LFO1 is a polyphonic LFO with the following waveforms available at all modulation destinations:

  • Parabolic - Symmetry controlled by shape knob.
  • Triangle/saw - Symmetry controlled by shape knob, with center position providing triangle; left is down saw; right is up saw. Note that the bimodal modulation matrix permits inversion of these waveforms at different destinations.
  • Pulse - Width ratio controlled by shape knob.
  • Sample and hold - The triangle/saw waveform is sampled when the amplitude envelope restarts for each voice.
  • Down ramp - A saw waveform that is unaffected by the position of the shape knob.

The LFO1 panel provides the following controls:

Freq

The vertical axis of this XY control sets the base frequency of the LFO. The current level for each voice is displayed as horizontal lines within the XY control.
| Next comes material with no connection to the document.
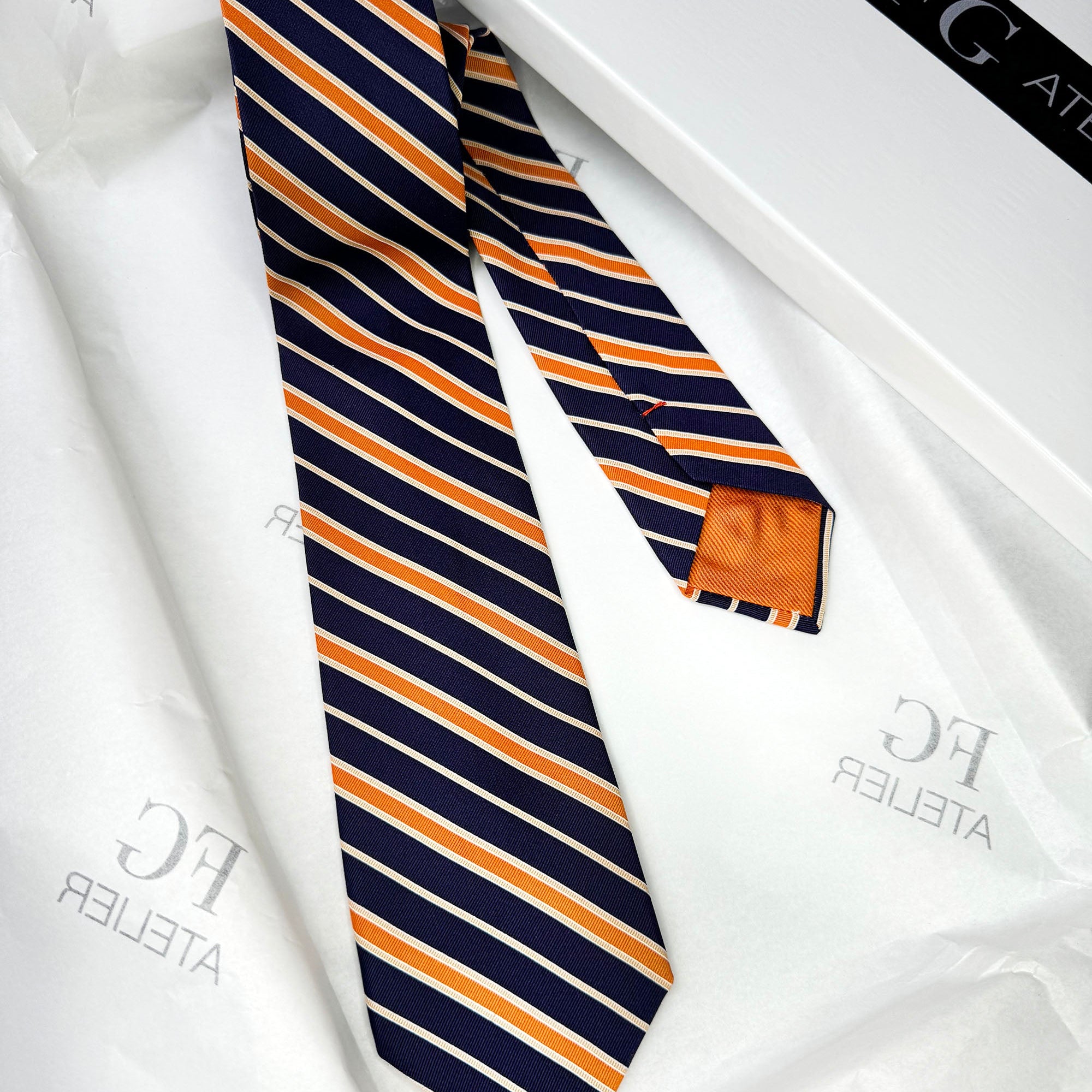 Handmade Italian Silk Tie Orange Navy Stripes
The horizontal value for the XY control has no effect.

Shape

Controls the width ratio of the parabolic, triangle, and pulse waveforms. When centered, the output waveforms are symmetric. The shape knob has no effect on the ramp down waveforms.

Spread

Spreads the frequency of the LFO to a different value for each voice. When fully turned left, the LFO2 for all voices have exactly the same frequency. At higher settings, LFO frequency is different for each voice. See the instrument tooltips for more specific information.

Sync

When enabled, the LFO restarts for each voice when the amplitude envelope restarts for that voice.

LFO2

LFO2 is a monophonic LFO with the following waveforms available at all modulation destinations:

  • Parabolic - Symmetry controlled by shape knob.
  • Triangle/saw - Symmetry controlled by shape knob, with center position providing triangle; left is down saw; right is up saw. Note that the bimodal modulation matrix permits inversion of these waveforms at different destinations.
  • Pulse - Width ratio controlled by shape knob.
  • Ladder - The triangle/saw waveform is sampled at a periodic interval and held, generating either an ascending staircase, descending staircase, or ziggurat waveform.
  • Random - A noise source is sampled at various intervals. The range or randomness for the noise source can also be controlled.
  • Up Ramp - An inverted saw waveform that is unaffected by the position of the shape knob.
  • Down ramp - A saw waveform that is unaffected by the position of the shape knob.

The LFO1 panel provides the following controls:

Freq

The vertical axis of this XY control sets the base frequency of the LFO. The XY control also displays the current output value as a horizontal line. The horizontal value for the XY control has no effect.

Shape

Controls the width ratio of the parabolic, triangle, and pulse waveforms. When centered, the output waveforms are symmetric.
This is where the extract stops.